About five years ago, Maersk was the first to start what Paris based maritime consultants Alphaliner said last week has now become a “race for ultra-large containerships.” The Maersk E-Class vessels- each with a capacity of 15,550 TEU- were just the beginning for the Danish giant: it later introduced the EEE Class, ordering twenty of these 18,000 TEU behemoths for delivery between 2013 and 2015. Some analysts are viewing these moves- and those of several other ship owners who seem to be on a mega-ship ordering or capacity enhancement spree- with some concern, as overcapacity is one of the biggest problems looming large over the industry today. Recent dread about a global double dip recession will only add to their fears.
Interestingly, Maersk Group CEO Nils Andersen says that shipping lines have been engaged in “reckless ordering” and are putting their businesses at risk by joining the race.
Owners are clearly planning to take advantage of economies of scale, but they are not stopping at just ordering new giant box ships. Maersk recently commenced a 'capacity boost' plan that will increase the carrying capacity of each of its ten existing S Class container ships by approximately 15 percent, from 8,200-8,600 TEU to about 9,600 TEU each. The accommodation on each of these vessels will be raised to allow an extra two tiers of containers to be loaded. This will not increase tonnage, though it will allow Maersk to increase capacity for empty or light containers considerably.
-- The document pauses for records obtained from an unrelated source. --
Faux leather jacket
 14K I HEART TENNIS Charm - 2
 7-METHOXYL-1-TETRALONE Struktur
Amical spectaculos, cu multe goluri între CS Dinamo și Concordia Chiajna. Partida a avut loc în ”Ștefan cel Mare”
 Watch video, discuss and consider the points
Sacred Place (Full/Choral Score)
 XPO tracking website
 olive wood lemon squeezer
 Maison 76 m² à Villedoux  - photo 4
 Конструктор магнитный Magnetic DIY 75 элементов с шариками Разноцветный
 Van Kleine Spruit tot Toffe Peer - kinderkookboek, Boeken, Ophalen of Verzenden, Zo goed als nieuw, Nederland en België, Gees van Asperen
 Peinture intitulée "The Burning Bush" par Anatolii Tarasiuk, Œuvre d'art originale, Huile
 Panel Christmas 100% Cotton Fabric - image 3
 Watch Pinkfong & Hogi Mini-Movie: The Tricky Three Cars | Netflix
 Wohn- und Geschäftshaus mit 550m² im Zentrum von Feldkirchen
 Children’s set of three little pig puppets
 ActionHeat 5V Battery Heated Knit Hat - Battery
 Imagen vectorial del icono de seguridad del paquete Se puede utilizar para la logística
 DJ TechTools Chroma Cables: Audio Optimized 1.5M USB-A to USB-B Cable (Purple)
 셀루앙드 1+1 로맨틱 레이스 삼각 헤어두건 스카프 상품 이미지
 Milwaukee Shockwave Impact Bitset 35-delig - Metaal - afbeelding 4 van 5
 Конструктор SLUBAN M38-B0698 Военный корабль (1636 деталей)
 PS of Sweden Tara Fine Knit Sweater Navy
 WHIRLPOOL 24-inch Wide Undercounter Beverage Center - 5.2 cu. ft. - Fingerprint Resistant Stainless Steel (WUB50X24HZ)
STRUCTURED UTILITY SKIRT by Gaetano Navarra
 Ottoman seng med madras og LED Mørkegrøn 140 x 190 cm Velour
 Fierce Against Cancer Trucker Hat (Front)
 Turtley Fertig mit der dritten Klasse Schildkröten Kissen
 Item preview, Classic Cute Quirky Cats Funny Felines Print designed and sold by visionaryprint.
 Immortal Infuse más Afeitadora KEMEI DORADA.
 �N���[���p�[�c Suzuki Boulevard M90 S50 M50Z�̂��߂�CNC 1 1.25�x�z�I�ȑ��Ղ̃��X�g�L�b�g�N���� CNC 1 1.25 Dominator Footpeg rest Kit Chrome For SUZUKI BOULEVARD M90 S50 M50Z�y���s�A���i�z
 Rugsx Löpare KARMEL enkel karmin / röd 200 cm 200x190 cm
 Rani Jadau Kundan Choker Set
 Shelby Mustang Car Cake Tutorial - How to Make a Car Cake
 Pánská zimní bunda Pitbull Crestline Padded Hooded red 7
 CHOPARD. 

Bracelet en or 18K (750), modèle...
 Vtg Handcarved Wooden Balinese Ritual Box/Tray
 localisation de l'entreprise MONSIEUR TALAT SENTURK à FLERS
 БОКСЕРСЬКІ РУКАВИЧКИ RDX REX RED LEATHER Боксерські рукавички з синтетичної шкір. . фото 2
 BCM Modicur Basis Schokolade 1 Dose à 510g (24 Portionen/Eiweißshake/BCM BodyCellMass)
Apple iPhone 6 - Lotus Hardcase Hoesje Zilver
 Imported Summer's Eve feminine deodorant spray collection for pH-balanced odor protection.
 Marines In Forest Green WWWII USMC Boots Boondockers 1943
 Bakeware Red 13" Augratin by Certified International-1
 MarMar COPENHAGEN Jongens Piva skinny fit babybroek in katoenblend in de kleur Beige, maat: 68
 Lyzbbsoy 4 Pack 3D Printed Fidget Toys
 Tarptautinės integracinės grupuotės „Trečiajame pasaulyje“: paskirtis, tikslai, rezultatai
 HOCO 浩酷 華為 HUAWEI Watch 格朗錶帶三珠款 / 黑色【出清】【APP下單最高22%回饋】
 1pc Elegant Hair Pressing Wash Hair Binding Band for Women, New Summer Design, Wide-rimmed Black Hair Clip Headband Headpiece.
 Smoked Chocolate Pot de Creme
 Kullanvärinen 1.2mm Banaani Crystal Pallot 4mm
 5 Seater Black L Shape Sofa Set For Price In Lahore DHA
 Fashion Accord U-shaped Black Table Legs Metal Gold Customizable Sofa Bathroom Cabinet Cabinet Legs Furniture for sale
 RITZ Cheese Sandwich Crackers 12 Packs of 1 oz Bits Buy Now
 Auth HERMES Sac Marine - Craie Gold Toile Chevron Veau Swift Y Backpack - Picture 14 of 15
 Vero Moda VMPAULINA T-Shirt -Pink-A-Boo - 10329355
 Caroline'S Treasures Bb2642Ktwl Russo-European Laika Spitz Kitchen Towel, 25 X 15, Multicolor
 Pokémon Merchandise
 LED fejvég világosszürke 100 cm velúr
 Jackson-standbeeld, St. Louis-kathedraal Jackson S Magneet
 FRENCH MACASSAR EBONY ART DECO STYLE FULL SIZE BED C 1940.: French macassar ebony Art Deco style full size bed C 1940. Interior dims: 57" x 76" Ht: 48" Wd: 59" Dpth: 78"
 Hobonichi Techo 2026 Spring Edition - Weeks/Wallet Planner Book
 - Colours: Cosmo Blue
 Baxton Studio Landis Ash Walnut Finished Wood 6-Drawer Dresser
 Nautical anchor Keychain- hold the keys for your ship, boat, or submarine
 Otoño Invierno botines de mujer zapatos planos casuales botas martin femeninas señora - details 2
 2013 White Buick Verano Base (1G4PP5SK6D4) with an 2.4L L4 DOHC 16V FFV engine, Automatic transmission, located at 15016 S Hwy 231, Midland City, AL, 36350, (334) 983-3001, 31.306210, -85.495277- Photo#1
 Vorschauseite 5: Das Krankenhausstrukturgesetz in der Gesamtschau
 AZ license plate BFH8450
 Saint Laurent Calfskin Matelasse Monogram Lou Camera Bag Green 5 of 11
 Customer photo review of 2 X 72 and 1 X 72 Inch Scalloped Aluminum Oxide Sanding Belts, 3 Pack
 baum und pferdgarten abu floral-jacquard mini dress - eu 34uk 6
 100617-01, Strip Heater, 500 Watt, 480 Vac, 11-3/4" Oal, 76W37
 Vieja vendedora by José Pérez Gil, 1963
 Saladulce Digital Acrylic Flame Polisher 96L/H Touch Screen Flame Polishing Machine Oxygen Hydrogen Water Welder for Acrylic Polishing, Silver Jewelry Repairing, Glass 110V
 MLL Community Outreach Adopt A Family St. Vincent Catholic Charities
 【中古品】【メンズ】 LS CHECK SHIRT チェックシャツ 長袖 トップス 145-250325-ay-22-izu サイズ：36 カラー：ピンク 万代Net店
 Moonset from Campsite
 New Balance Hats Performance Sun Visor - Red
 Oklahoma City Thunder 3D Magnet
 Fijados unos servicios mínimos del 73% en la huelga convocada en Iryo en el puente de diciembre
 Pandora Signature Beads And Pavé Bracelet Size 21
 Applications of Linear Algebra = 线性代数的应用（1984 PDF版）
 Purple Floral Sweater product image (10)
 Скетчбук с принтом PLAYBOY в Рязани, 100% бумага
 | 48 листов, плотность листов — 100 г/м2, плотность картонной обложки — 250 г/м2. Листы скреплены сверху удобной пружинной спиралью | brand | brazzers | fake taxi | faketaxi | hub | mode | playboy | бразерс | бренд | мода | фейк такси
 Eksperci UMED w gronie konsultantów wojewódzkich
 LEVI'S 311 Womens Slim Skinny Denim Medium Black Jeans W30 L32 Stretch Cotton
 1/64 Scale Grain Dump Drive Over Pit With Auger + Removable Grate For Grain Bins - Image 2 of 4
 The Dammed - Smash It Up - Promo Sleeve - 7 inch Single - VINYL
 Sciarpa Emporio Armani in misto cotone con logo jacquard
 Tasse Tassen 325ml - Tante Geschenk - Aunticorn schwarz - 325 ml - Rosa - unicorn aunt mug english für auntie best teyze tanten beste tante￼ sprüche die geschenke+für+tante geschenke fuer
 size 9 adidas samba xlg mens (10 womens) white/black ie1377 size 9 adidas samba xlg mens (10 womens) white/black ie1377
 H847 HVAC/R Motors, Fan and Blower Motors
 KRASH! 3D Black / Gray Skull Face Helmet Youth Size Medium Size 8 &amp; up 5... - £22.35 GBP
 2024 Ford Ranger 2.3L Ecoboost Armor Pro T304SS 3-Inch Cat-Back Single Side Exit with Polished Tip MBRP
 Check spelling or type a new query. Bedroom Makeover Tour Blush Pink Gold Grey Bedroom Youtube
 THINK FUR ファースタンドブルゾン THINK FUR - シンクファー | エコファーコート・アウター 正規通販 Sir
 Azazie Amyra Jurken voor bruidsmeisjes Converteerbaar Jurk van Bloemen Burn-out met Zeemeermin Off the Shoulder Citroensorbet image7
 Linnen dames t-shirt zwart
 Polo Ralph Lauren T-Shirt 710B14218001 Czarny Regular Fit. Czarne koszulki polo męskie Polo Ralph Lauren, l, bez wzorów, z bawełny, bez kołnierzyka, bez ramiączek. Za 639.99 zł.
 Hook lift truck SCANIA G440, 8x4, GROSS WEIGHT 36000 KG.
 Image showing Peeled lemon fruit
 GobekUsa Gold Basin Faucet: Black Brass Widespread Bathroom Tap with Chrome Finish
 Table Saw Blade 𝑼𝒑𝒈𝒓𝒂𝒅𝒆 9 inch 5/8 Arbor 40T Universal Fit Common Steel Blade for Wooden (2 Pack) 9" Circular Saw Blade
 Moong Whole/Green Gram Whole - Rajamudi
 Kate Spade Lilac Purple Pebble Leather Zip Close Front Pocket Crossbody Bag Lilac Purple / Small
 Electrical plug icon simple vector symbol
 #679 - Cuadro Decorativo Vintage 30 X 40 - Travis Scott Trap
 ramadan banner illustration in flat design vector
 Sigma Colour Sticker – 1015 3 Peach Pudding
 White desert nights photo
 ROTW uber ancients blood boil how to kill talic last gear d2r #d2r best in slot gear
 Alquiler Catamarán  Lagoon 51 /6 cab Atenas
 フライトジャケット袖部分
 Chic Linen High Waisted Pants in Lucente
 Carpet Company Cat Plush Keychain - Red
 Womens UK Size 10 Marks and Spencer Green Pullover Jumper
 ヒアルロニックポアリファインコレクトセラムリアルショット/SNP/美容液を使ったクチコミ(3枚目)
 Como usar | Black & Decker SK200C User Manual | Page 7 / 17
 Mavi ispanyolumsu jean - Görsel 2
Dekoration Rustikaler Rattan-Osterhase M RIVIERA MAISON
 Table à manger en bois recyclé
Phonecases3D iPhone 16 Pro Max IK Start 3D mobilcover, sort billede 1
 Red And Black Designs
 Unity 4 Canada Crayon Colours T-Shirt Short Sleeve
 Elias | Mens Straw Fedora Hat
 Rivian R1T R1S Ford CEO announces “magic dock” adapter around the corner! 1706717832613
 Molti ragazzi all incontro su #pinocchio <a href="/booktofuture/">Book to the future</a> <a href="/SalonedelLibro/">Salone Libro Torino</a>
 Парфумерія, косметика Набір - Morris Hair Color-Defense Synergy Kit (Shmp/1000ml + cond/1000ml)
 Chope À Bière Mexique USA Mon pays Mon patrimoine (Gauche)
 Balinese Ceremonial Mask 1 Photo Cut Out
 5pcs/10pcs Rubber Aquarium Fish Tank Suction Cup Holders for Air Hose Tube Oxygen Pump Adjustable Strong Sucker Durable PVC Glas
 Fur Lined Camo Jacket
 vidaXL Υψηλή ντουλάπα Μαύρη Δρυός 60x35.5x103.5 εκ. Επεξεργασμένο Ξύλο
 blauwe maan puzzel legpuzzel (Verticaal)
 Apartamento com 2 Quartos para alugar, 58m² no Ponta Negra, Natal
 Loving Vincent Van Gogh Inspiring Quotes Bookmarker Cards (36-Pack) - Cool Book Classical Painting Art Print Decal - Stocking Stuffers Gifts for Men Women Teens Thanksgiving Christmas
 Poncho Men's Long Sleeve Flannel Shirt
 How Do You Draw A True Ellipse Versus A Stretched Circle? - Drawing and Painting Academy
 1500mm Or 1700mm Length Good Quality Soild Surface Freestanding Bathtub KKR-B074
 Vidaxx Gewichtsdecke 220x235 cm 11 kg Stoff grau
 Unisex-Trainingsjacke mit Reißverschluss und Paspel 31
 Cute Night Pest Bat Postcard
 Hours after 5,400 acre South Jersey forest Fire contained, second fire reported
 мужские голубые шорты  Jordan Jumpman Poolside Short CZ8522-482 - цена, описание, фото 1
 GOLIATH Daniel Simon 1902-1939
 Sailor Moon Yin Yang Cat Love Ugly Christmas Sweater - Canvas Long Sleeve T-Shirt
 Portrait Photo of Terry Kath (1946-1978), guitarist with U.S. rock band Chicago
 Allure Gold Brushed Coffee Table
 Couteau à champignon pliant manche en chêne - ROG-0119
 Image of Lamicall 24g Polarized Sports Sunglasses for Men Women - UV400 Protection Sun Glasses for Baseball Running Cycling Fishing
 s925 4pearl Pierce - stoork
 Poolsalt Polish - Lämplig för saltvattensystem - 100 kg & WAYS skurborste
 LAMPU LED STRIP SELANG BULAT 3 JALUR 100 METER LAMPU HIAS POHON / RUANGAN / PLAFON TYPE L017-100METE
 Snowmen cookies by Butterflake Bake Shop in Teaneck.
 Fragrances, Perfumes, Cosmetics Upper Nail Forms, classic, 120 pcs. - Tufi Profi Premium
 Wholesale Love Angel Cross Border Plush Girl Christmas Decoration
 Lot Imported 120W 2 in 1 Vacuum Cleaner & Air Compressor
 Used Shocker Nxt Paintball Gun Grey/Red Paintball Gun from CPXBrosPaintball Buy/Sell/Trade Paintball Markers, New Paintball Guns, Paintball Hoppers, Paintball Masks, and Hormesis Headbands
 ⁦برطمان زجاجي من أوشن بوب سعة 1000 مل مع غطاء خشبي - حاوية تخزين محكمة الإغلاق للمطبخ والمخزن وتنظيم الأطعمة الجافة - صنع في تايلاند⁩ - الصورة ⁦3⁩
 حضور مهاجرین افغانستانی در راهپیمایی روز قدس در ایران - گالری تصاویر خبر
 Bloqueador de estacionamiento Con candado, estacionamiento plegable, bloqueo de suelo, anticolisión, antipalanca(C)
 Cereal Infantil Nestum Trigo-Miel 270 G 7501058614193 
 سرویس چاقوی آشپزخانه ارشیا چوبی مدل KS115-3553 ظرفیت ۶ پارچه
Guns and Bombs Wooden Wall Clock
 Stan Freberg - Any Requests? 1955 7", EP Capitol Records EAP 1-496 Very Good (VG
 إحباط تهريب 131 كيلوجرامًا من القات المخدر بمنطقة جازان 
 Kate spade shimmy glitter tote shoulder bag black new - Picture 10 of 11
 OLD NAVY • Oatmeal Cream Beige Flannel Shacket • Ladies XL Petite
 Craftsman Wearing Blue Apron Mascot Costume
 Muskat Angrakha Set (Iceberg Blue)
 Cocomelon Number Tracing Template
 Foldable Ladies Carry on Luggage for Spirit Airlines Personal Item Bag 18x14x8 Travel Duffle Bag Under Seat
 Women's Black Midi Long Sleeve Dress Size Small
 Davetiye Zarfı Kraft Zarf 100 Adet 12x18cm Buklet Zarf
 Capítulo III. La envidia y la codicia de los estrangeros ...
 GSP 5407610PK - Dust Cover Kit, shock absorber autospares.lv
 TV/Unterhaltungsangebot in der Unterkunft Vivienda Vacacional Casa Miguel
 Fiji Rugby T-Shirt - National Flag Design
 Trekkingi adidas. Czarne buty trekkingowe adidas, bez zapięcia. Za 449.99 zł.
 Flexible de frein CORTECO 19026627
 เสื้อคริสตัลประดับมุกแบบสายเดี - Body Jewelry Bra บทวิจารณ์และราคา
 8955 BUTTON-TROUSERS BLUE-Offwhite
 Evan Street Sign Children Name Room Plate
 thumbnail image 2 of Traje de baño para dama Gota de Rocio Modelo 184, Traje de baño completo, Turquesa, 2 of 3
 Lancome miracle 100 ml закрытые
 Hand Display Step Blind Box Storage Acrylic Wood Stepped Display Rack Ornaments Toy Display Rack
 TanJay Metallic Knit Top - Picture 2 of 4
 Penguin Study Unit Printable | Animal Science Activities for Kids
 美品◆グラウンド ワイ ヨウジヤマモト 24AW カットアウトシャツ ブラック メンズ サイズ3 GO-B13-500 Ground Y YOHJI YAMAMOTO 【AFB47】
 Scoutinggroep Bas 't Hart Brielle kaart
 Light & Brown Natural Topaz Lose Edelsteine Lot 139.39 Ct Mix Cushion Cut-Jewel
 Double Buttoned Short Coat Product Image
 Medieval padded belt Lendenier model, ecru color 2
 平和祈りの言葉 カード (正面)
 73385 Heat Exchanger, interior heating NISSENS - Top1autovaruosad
Many other ship owners have upgraded the size of container ships that have been ordered recently. Hapag-Lloyd’s upgrade of six 8,750 TEU units to 13,100 TEU each is a case in point. CMA CGM’s boosting the capacity of three 13,830 TEU ships to 16,000 TEU each, NOL’s renegotiations of ten 8,400 TEU ships on order to 9,200 TEU each and NYK’s upgrade of two 6,350 TEU vessels to 8,000 TEU each are some of the others.